A Deep Dive
Friday 19th of June 2020
‘You were born fighting. It’s time to stop. Surrender.
‘You wear the Breath around your neck. It’s more than just a reminder to breathe, it’s surrender. It’s a reminder to move from one breath to the next, from one moment to the next, to stop projecting forward and seeing only what you don’t have. Be in this moment, this breath, and see what you have here.
‘Move from one breath to the next, one moment to the next. Surrender.’
I cut myself open and cut them out. Now there’s just an empty space, a gash in my chest from heart to stomach.
There are no external memories, no pieces of anyone I’ve held on to. Once I’ve been hurt by someone I erase them from my world. Friends, family, still living and breathing somewhere, but erased from existence in my little world. No photos, no keepsakes, no gifts or trinkets. Everything I own is mine, I erase all traces of their touch.
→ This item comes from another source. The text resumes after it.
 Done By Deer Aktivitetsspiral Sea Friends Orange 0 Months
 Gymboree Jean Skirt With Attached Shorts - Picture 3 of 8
I don’t think I even get attached to people anymore, there’s nothing to erase if there was never anything there. It’s also comforting, in a way, to look around me and see only things that I’ve bought, or found or created, grown from seed, poured pieces of myself into. There have been points where I’ve only had myself and found strength in that.
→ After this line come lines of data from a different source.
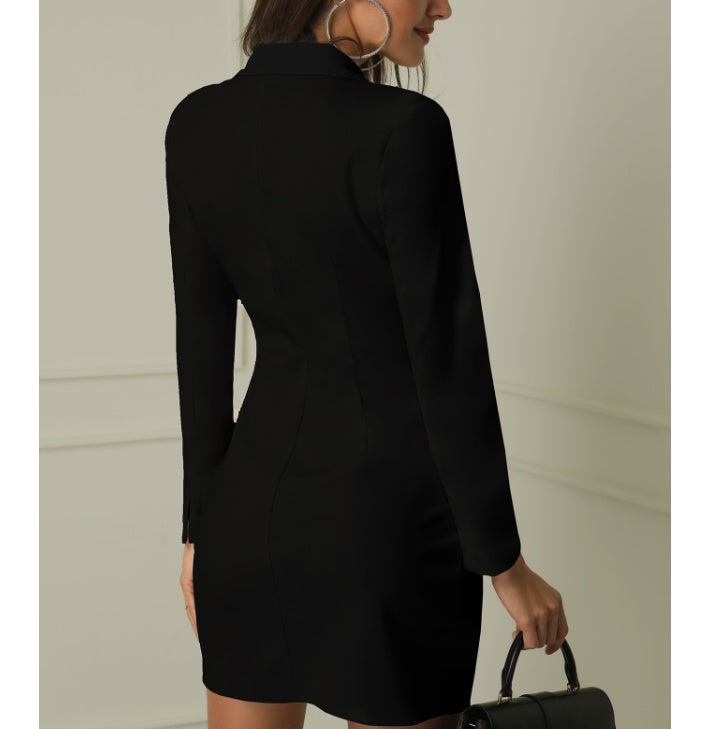 H&F Double-breasted Trench Dress c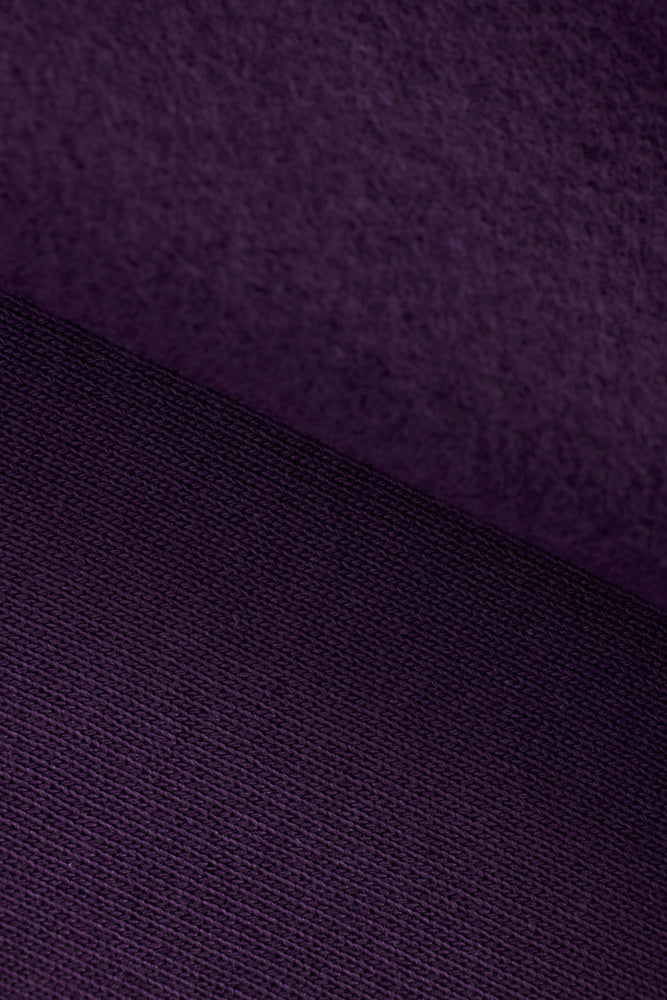 ORGANIC BRUSHED SWEAT KNIT • Plum $50.00/metre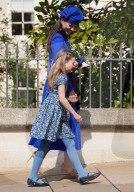ROYALS - Die königliche Familie besucht die Ostermesse in Windsor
I cut people out when they leave me behind, when they move on, because I can’t move on, I’m stuck. Now, I just have the gapping hole in me and a desperation to fill it with something, accolades, acknowledgement, success, whilst shutting people out so that no one else can take their places. No one else can fill me up then break my heart when they’re done with me.
I guess there’s a lesson there too, you shouldn’t rely on other people to fill those voids.